Ambiente Artico

Il ghiaccio marino soffre del virus della disinformazione

Ecco come (non) si dovrebbero leggere i dati sul clima, e perché è fondamentale avere analisi precise su ciò che cambia a livello climatico e ambientale.

Perché si parla di clima e non di tempo

Sfortunatamente, il cambiamento climatico come fenomeno di origine antropica, ovvero a opera della specie umana, è ancora materia di dubbi e accesissime discussioni. Quando si analizzano dei dati climatici, infatti, si incorre spesso nel rischio di un’interpretazione equivoca, alle volte dolosa. E proprio per accompagnarvi in un’epoca di disinformazione dilagante, queste righe vogliono stabilire i pilastri di una corretta interpretazione della realtà che ci circonda.

Partiamo da una distinzione fondamentale: parlare di clima e di tempo, quello che ci domandiamo possa fare la mattina alzandoci dal letto, è molto diverso. Al contrario del tempo, che si riferisce a un periodo relativamente ridotto, ad esempio di ore o giorni, il clima richiama una media estesa di minimo un trentennio.
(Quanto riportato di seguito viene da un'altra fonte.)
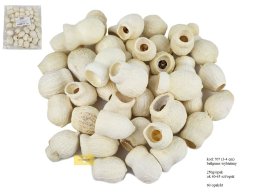 BELLGUMS bielony 3-5 cm 250g/opak, ok 40-45 szt/opak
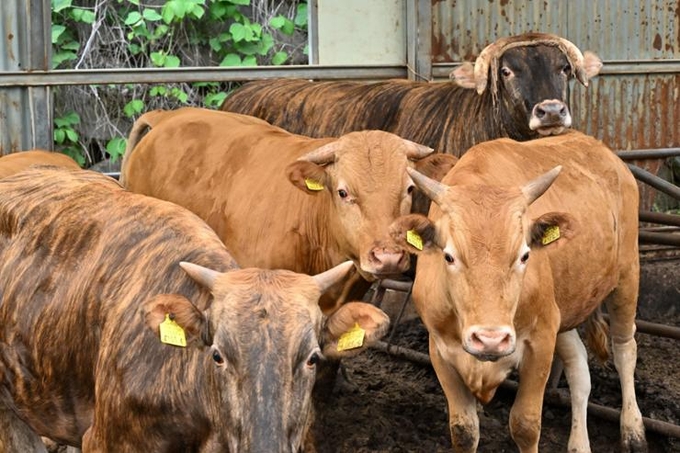 Cattle are seen in a farm in Ulleungdo, June 7, 2023. Photo: Korea Times/Choi Joo-yeon.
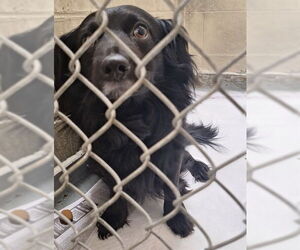 Dachshund-Unknown Mix Dogs for adoption in Anchorage, AK, USA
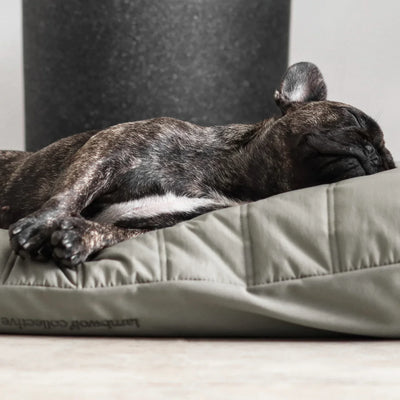 MAATIN low rise reversible dog bed
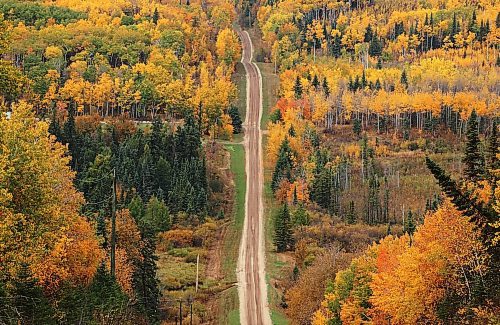 25092023
The foliage lining a grid road near Big Valley, Manitoba displays an array of fall colours on Monday.
(Tim Smith/The Brandon Sun)
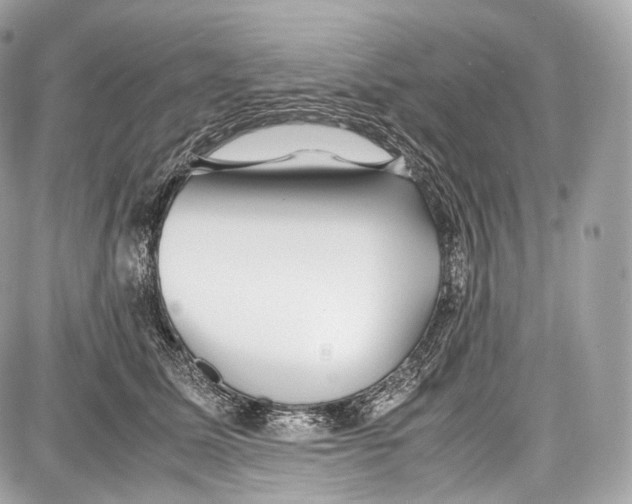 X0000086960611200705141627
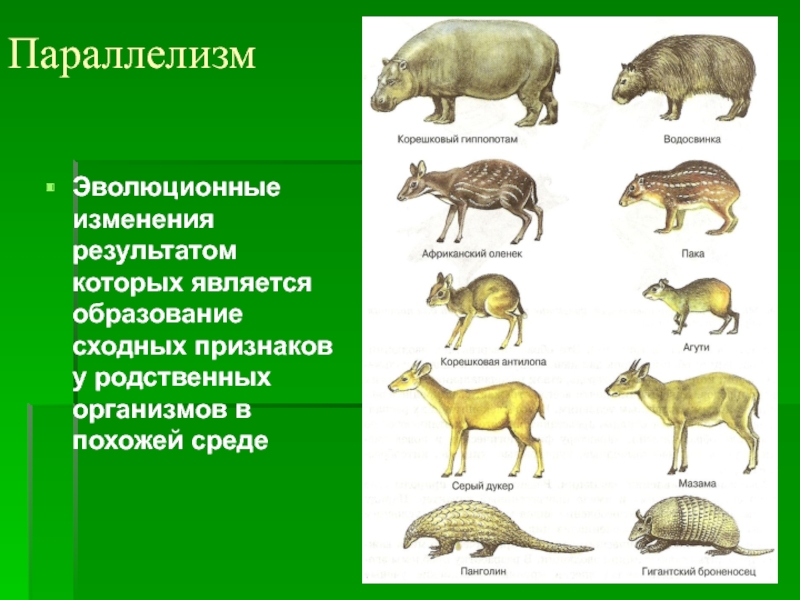 Чем определяются признаки у родственных групп. Параллелизм. Параллелизм у животных. Параллелизм в эволюции. Параллелизм примеры биология.
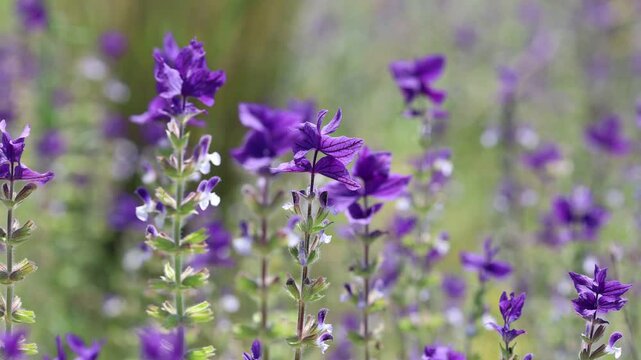 Flowers of Salvia viridis, also known as Painted Sage, in spring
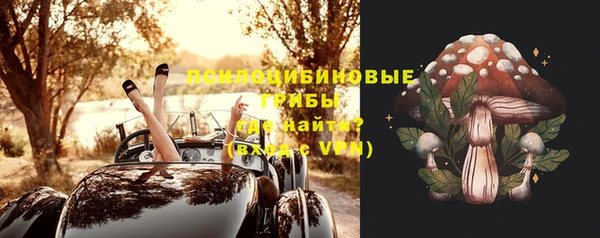 ешки Балахна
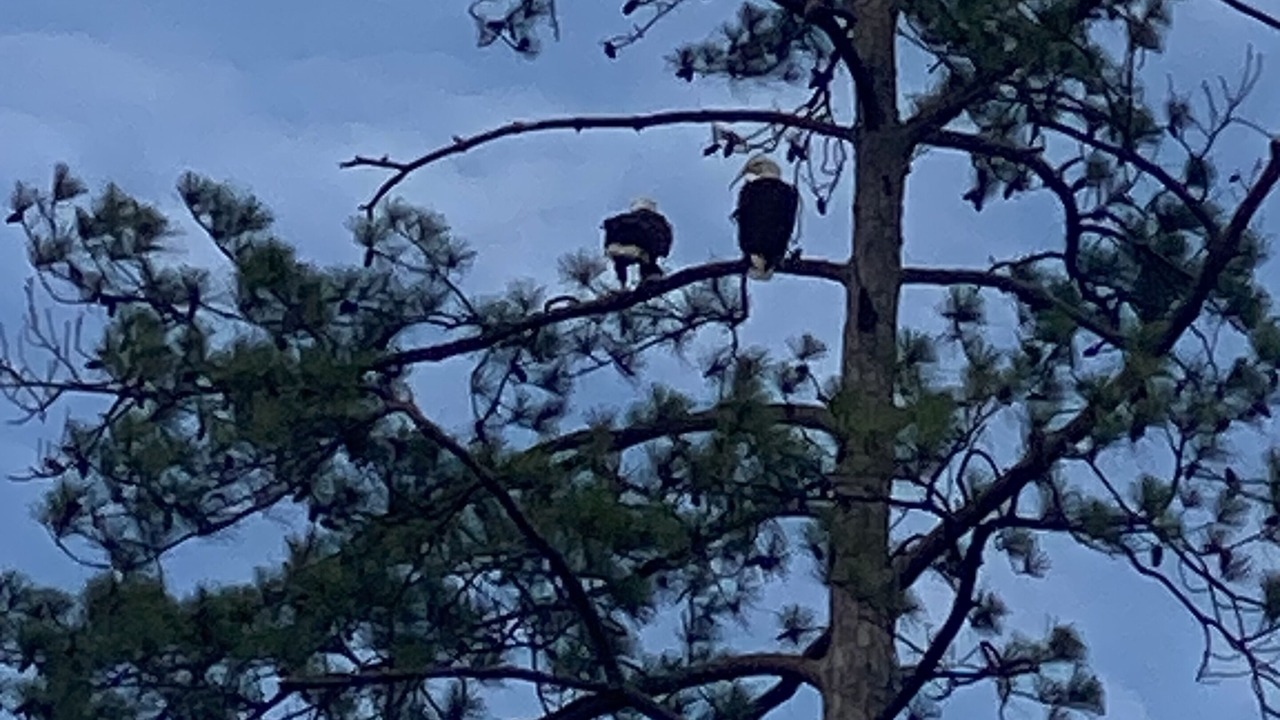 Photo of Others in South Toledo Bend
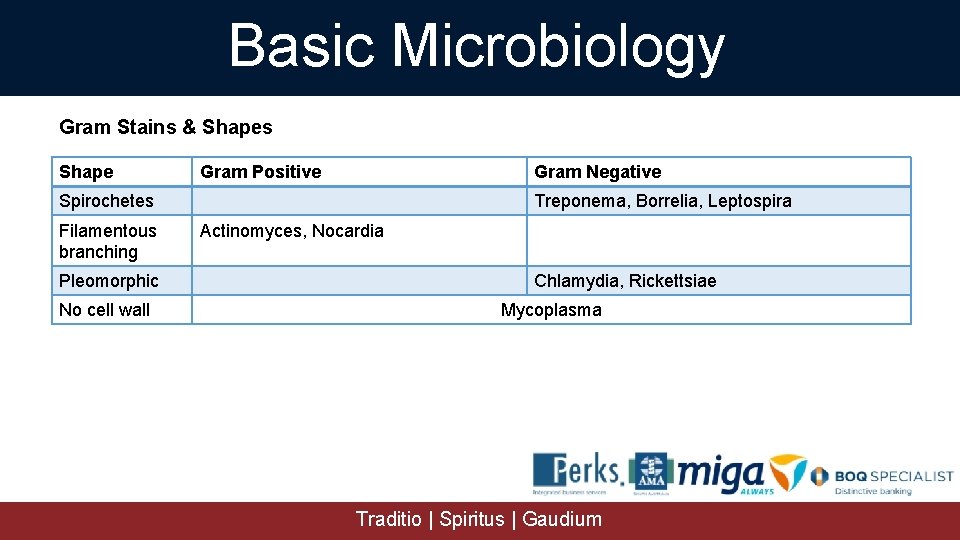 Basic Microbiology Gram Stains & Shapes Shape Gram Positive Gram Negative Spirochetes Filamentous branching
Ovviamente, ciò non significa che i due concetti siano completamente scollegati tra loro, dato che entrambi sono costruiti sugli stessi parametri di temperatura, umidità, precipitazioni, e non solo. Tuttavia, il fatto di servirsi del primo per spiegare, o screditare, il cambiamento del secondo, può a conclusioni parziali e scorrette.

Come leggere i dati sul clima

Ecco un esempio su come (non) leggere un dato climatico. Negli ultimi tempi, è girata molto la notizia che il 2023 sia stato l’anno più caldo di sempre. Per quanto sensazionalistico, questo titolo, ripreso da molte testate italiane e non, è fuorviante.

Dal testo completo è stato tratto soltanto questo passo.